I couldn’t leave this story out of the first book I published, Ghosts & Legends of Michigan’s West Coast, but since the publication of that book in 2009, fellow researcher Kevin Collier also suggested that the Melon Heads came to be because the children who went to the school when the Felt Mansion was a seminary were considered “melon heads,” by the public school kids. They were the smart kids.


One thing about legends and the Internet is how mixed up things start to become. I’ve been seeing articles about Dr. Crow (part of the Ohio Melon Heads story) getting confused with the Felt Mansion in Michigan. The legendary Dr. Crow (some spell it Crowe) is in no way connected to the Felt Mansion in Saugatuck, Michigan. Dr. Crow is part of the northern Ohio legends and as far as anyone can tell, is also a made-up figure from Ohio folklore.

Check out the website for accounts of Melon Heads running wild in Ohio.


I have lived in Laketown Township for about twelve years now and agree with everything that was said in your book, Ghost & Legends of Michigan’s West Coast. I have friends who have seen the melon heads in the woods a few times. Do I believe in them? Yes and no. (They say if you flick your car headlights you’re more prone to see something, but I’m too afraid to try.) I have heard insane ghost stories about the Felt mansion though. People seeing kids playing at the top of the stairs and then jumping off the balcony of the house. There was also a story about teens who were going to vandalize the Felt mansion before the restoration began in 2000. It was in the middle of the night and a man in a horse-drawn carriage pulled up and asked them if they needed a ride. They freaked out and ran away.

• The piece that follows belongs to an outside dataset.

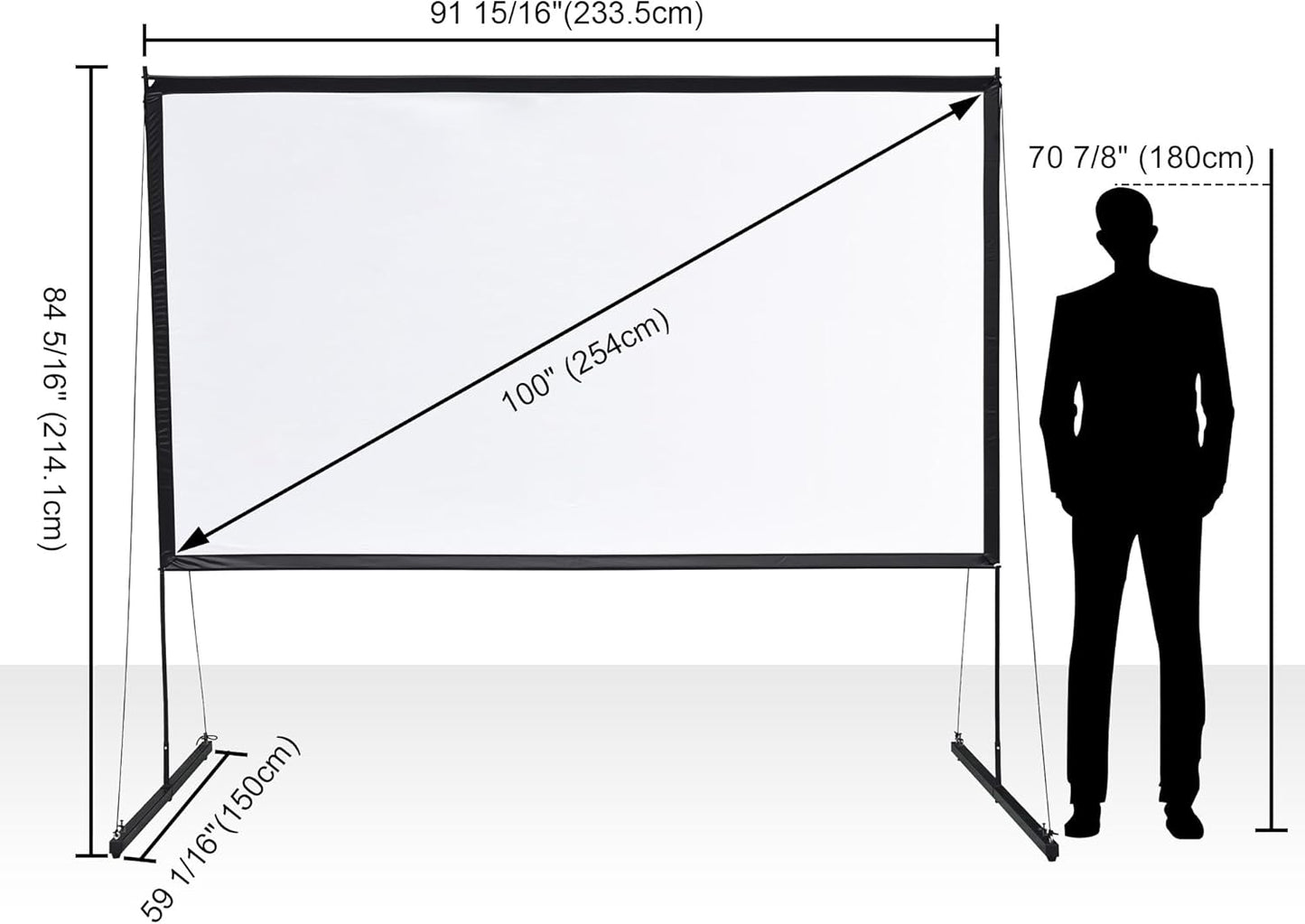 100" Detachable Projector Screen and Stand Outdoor Portable Movie Projection 16:9 4K HD Home Theater Camping Backyard Cinema with Carry Bag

This version of the Melon Head story was shared by a Michigan resident.

This legend has made its way to my neck of the woods too. A little different though. In southwest Michigan, the Melon Heads are said to be located behind the Cook nuclear plant in Bridgman. There are two different stories of how they got to be there. The first story says there was an insane asylum in the woods before the power plant was built and there was a fire that burned the asylum to the ground and the Melon Heads escaped and have been living in the wild ever since.

The other story says there was a group of people who lived behind the plant in the woods. After exposure to the radiation, they began to have swelling of the brain, and out of embarrassment and shame, they stayed in the woods to be left alone by the public to live their lives. The nuclear plant and all surrounding property have been closed off to the public since the 9/11 attacks, but you used to be able to drive back into the woods and explore. It was a big pastime for teenagers to scare the bejesus out of themselves and their dates. I have been told that the whole area back there is like a maze, and unless you know the area well, it is very easy to get lost in. I suppose that just adds to the scare factor. So I would say that the Melon Heads from my area are just urban legend. But it always makes for interesting conversation, especially when talking with those who have been there and claim to have seen one.


Last year, me and some of my friends at Hope College decided we wanted to go to the Allegan County woods in Hamilton in search of the Melonheads. On our first night there, we went back on a path for about a mile and came to an opening where there seemed to be a foundation of a building still there, but the building was gone. On the walk back to the opening, there was a sign hanging over the path but it was too faded to make out the wording. On the first night, we did not experience anything too out of the ordinary that we didn’t think we couldn’t explain by animals or other sorts. We went back the next night and it was raining mixed with some lightning. Me and two other guys were leading the group down the path and about a half a mile into our walk, there was a lightning flash and all three of us saw the same exact figure of a human about 4 and a half feet tall with an abnormally large head standing in the middle of the clearing that we had gone to the night before. We three kind of slowed down for a minute and the next thing we knew, we heard a huge crash in the woods to the left of us. We immediately turned and ran back to the cars.